Even though he was known nationally, rapper Rappin ‘Hood said he had fear of his son being on the streets. “They always said that we were marginals, maloqueiros (see note one), but we were just black men. I have an 18-year-old son and I am afraid to let my boy go to the street. The fear that my parents felt,” he revealed.
What the authorities say
According to the Secretary of Public Security of São Paulo, Colonel Alvaro Batista Camilo, the worldwide commotion with the death of George Floyd influences the research and, according to him, the São Paulo Police don’t condone racist attitudes. “We are very concerned with human rights, in treating people as we would like to be treated. We try to transmit this to the police and we have management procedures to review the actions of the police,” said Camilo, for whom the cases of police violence in the state are punctual.
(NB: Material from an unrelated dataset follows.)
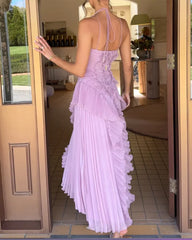 Clidress Lorelie Halter Pleated Ruffle Full Dress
According to Elizeu Soares, an ombudsman for the São Paulo police, racism is not only a problem for security agents, but structural. “The Brazilian State is racist. I think it is wrong to isolate an institution when the problem is with the whole society. When it arrives at the hand of the police it’s because the state has already failed. We need to reframe citizenship and create a culture of peace, trust in the police,” he warned.
However, according to Marcelle Decothé, of the Marielle Franco Institute, just modernizing the police is not enough, it takes more than technology for real change. “More weapons, helicopters and sophisticated operations don’t reduce the number of homicides or police violence. We need the state not to enter the favela with only the public security arm, the police,” he lamented.
Source: Notícia Preta
- Young people that wander the streets, often in groups, begging for money, committing petty theft, etc.